Brexit, Trump en Tweede Kamer verkiezingen: Overeenkomsten en verschillen


Opluchting
Nee, de PVV is niet de grootste partij geworden en Geert Wilders heeft de Tweede Kamer verkiezingen niet gewonnen. Tot opluchting van vooral veel buitenlandse commentatoren en politici. Een zege van Wilders zou, zo werd verwacht, een domino-effect tot gevolg kunnen hebben, met de verkiezingen in Frankrijk en Duitsland voor de boeg. Maar geen Nexit en Trumpiaanse taferelen dus; dat zag de Nederlandse kiezer kennelijk niet zitten. Toch vertoont de uitslag van de verkiezingen op 15 maart jl. een opmerkelijke gelijkenis met de uitslagen van het Brexit referendum en de verkiezingen in de VS in 2016. Niet alleen de grote geografische verschillen, ook de complexe onderliggende dynamiek lijkt in grote lijnen hetzelfde.

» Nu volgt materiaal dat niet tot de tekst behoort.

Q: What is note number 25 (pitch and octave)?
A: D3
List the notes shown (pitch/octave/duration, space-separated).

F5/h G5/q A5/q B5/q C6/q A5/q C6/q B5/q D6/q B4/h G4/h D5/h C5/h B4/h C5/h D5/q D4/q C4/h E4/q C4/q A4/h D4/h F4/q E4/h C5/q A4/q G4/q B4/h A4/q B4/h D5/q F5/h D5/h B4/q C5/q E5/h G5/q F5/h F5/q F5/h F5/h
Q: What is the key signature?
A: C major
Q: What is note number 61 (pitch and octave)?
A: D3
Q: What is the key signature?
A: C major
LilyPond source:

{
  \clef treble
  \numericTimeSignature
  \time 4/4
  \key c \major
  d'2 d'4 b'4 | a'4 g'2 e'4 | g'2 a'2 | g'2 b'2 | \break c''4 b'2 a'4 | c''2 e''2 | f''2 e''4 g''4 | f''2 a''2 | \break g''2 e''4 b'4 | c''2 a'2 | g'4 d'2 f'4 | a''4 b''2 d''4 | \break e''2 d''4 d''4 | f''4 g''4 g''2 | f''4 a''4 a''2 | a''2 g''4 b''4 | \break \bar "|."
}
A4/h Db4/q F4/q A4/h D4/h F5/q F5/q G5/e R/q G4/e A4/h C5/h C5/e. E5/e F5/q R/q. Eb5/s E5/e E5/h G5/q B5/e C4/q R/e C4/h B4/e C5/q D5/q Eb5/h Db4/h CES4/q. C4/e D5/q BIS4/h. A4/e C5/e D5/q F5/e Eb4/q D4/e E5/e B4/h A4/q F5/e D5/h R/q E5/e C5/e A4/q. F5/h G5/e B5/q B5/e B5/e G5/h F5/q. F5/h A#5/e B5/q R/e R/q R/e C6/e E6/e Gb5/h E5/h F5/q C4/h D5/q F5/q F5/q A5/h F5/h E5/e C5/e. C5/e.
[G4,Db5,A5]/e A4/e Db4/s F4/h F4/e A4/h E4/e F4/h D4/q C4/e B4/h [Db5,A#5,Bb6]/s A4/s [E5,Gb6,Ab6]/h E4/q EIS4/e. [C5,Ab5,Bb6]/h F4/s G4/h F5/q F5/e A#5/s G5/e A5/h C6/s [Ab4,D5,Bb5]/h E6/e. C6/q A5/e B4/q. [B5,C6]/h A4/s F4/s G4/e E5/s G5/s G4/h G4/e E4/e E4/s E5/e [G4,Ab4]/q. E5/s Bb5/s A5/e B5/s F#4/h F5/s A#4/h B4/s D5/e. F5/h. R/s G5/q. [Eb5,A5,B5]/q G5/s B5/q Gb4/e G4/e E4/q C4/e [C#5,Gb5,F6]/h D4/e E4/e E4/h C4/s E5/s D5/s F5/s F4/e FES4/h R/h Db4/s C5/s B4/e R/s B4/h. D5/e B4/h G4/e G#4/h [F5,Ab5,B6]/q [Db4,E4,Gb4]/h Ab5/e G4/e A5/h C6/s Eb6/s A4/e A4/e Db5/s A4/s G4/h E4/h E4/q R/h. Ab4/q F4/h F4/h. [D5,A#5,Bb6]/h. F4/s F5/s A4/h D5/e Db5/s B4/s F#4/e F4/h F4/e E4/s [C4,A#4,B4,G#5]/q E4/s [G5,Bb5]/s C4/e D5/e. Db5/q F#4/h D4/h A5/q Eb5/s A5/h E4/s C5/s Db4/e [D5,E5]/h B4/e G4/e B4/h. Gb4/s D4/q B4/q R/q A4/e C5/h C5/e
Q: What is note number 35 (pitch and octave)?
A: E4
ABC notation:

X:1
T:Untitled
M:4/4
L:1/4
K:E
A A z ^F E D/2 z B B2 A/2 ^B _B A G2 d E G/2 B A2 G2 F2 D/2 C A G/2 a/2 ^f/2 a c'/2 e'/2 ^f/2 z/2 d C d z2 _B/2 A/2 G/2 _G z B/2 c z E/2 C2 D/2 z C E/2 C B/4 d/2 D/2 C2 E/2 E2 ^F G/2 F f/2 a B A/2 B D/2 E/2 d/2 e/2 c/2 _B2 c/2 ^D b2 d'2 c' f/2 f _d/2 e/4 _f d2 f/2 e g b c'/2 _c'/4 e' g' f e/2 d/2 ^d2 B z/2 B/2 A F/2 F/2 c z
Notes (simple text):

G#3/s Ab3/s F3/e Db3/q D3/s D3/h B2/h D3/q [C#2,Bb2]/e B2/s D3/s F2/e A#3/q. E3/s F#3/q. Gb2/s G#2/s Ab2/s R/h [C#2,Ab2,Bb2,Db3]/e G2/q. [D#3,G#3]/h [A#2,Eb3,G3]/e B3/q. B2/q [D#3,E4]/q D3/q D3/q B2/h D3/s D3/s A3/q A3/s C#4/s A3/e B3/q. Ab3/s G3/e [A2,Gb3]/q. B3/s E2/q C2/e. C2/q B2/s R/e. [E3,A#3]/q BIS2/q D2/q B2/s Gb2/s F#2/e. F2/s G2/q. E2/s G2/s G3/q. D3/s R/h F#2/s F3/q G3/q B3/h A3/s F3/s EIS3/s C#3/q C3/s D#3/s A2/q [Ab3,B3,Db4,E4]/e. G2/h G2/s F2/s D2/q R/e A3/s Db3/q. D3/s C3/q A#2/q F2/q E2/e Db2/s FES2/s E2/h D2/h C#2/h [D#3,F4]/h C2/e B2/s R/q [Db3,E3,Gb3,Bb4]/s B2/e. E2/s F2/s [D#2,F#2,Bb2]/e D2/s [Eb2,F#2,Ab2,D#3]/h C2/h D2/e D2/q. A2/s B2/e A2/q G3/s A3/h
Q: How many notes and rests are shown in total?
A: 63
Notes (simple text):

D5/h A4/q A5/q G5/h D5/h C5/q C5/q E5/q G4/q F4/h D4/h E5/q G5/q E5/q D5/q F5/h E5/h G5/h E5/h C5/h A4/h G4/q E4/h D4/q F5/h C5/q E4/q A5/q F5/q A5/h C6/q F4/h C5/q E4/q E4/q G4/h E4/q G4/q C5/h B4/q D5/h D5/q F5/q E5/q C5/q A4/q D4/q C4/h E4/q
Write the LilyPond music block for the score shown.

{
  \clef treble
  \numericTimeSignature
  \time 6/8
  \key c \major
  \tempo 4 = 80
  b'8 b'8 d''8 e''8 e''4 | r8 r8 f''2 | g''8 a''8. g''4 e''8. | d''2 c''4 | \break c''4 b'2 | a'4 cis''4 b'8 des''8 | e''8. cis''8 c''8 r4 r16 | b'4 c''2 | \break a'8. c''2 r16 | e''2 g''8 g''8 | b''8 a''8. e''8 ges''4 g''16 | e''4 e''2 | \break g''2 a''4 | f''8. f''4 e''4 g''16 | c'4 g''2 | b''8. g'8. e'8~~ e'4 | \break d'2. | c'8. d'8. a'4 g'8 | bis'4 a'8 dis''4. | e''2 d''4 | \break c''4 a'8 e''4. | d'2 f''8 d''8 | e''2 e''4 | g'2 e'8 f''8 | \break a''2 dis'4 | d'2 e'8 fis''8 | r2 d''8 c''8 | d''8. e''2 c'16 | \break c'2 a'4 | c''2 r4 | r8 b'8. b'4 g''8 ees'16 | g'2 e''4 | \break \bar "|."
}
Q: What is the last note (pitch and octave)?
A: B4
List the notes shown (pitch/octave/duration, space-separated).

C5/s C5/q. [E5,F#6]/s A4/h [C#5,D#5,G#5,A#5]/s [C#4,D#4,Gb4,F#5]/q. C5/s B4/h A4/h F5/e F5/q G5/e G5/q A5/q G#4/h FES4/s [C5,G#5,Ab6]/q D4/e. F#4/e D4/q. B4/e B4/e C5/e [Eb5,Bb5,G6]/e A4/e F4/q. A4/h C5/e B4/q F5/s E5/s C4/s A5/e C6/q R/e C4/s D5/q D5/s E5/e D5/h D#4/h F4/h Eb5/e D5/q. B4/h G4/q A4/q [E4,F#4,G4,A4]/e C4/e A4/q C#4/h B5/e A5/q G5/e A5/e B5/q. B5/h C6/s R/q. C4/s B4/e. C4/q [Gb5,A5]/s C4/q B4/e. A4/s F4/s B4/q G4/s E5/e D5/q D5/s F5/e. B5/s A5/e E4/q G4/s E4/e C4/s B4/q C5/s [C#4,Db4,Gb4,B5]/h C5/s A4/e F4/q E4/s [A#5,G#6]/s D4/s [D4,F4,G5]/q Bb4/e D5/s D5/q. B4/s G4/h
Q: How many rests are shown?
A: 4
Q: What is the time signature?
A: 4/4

Hoe hebben het VK en de VS gestemd en wat zegt dit over de verkiezingsuitslag in Nederland?

Brexit
Eerst het Verenigd Koninkrijk. Op 23 juni 2016 koos dat voor een Brexit: in 270 van de 399 ‘counting areas’ behaalde het ‘leave’ kamp een meerderheid van de stemmen. De uitslag liet grote verschillen zien tussen regio’s. Zo stemden Londen, Schotland en Noord-Ierland tegen een Brexit. Opvallend is dat Wales en het Noordwesten van het VK voor een Brexit stemden. In absolute termen ontvangen deze regio’s namelijk de hoogste bedragen aan Europese fondsen. Het Brexit referendum ging dus blijkbaar niet, of niet uitsluitend, over wat de EU oplevert.

Wat is dan wel de onderliggende dynamiek?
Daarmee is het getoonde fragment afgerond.